Yar'Adua died on 5 May 2010, and Vice President Goodluck Jonathan had been sworn in 3 months earlier to succeed Yar'Adua, who was seriously ill and receiving treatment abroad. Jonathan won the 2011 presidential election and the international media reported that, unlike previous elections, the polls went smoothly and with relatively little violence or electoral fraud. Jonathan's tenure includes the successful fight against Ebola and an economic recovery that made Nigeria the leading economic power in Africa. The Jonathan administration's film promotion of high-quality productions created Nigerias own commercially successful film industry, nicknamed "Nollywood".

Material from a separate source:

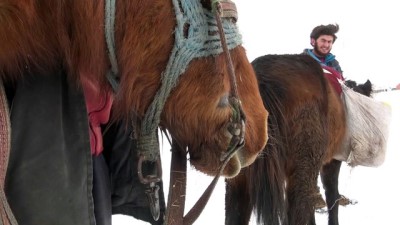 KARS - Hayvanları için dondurucu soğukta karlı dağlardan ot taşıyorlar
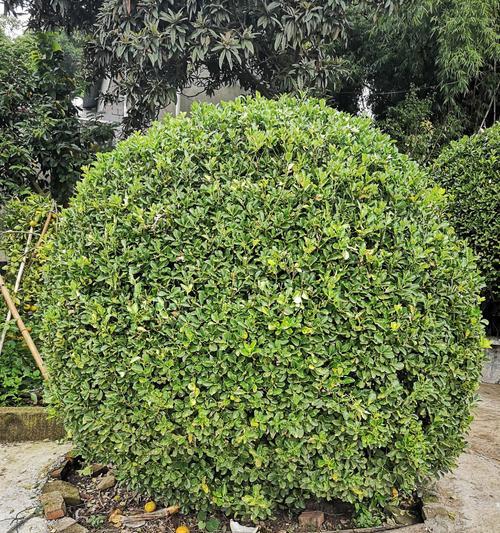 资阳常见植物有哪些？如何在本地环境中照料它们？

On the other hand, the wave of terror by Boko Haram, which kidnapped 200 schoolgirls in Chibok in 2014, highlighted the impotence of the Nigerian state (about 100 of the girls are still missing in 2022). Above all, however, Jonathan's tenure stands for the misappropriation of state funds. 20 billion US dollars are said to have been lost to the Nigerian state as a result. The high level of corruption was a determining factor in the 2015 presidential election, in which "clean man" Muhammadu Buhari replaced incumbent Jonathan, who was running for re-election. This is (as of 2022) the only instance in the Fourth Republic where Nigerian voters refused to re-elect an incumbent president. Jonathans party, the PDP, lost power after 16 years of government.
Ahead of the general election of 2015, a merger of the biggest opposition parties – the Action Congress of Nigeria, the Congress for Progressive Change, the All Nigeria Peoples Party (a faction of the All Progressives Grand Alliance), and the new PDP (a faction of serving governors of the ruling People's Democratic Party) – formed the All Progressives Congress. Their candidate, former dictator Muhammadu Buhari—who had previously contested in the 2003, 2007, and 2011 presidential elections—won by over two million votes. Observers generally praised the election as being fair. In the 2019 presidential election, Buhari was re-elected for a second term in office defeating his closet rival Atiku Abubakar.

As a Nigerian response to the US Black Lives Matter movement, in 2020 mainly young Nigerians protested against police attacks. The Special Anti-Robbery Squad (SARS) was particularly criticised. The government disbanded the unit and promised to improve conditions. However, during a demonstration in October 2020, security forces shot dozens of people. The security situation eased slightly in 2022, when Boko Haram, whose militias terrorised Nigeria's north for years and devastated entire regions, largely disbanded. 40,000 Boko Haram fighters surrendered.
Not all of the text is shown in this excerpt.